For another perspective on what it could look like to be more self-sustaining, we spoke with Beth Wheatley, who works with the West Virginia Nature Conservancy.
“I see a West Virginia that really uses nature as a driver of economic growth,” Wheatley said. "We’re standing atop a ridgeline in Mingo County; in every direction are mountains— some are thick with forests; others are stripped to rubble and rock. Over here we're looking at a flat landscape, but still completely surrounded by forest on both sides. And this is very typical of many sites in West Virginia where you have former coal mine lands surrounded by intact forest.”
She brought us here, because she said it shows two radically different types of landscapes, both of which are abundant in central Appalachia. And both have potential to help people in West Virginia be more self-sufficient, said Wheatley. “There is so much that we can produce ourselves.”
And this self-reliance does not necessarily have to come from manufacturing, or coal. She and others at the Nature Conservancy are working to find more ways that forested land can earn West Virginians money.
Wheatley said she envisions a future where solar farms on top of former strip mines are producing energy.
“It's virtually the perfect site for solar development because it's relatively flat, because of transmission lines and access,” Wheatley said.
“We have the sun at our disposal, we have hundreds of thousands of former mine lands at our disposal and many owners of those lands very interested in solar development.”

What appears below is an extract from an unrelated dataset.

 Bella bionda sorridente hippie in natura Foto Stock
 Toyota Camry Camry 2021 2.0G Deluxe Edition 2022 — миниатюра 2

Several years ago, The Nature Conservancy conducted a listening project across West Virginia. In addition to wanting economic opportunities, many people told Wheatley they value living amidst so much nature.
“And I remember one person saying that she doesn't see it as something separate from us, but it's part of who West Virginians are. It's in our blood,” Wheatley said.
“And that really gives us the grit and determination and connection to the land to really work together to grow nature- friendly economic development activities in the state going into the future. I think we can have it all.”
Living Off The Land
Ed Klein moved his family to rural Wetzel County, West Virginia in the 1970s to live off the land. They were in Brooklyn at the time, and he saw a film called “The Wilderness Family”. It is the story of a family who escaped the traffic and city life of Los Angeles to build a cabin and settle in the wilderness.
Initially, Klein’s family lived in a tent when they moved to West Virginia in 1978. Eventually, his wife left, as did his kids, but Klein stayed.
Today, he has an enormous, three story cabin that he designed and built himself. He has his own woodshop, and a greenhouse, though neither are being used much these days.
Klein said he has no regrets. “How could you regret this?”
We asked him if he thinks this type of life is realistic for most people, or if he feels he is unique.
“If you’re really serious, buy a plot of land. I’ll help you,” Klein told us. “It’s a blessing.”
With a small plot of land, Kleine said, anyone could do this. But you will need help — people who can teach you the skills you will need to survive.
But before he would help us, Klein said he would need a letter from my psychiatrist. Though I am not sure if he means only someone with some level of mental illness would try to live off the land, as he has done, or if it takes someone who is taking care of their mental health. But perhaps, maybe he means both.
This story is part of an episode of Inside Appalachia about resilience and survival.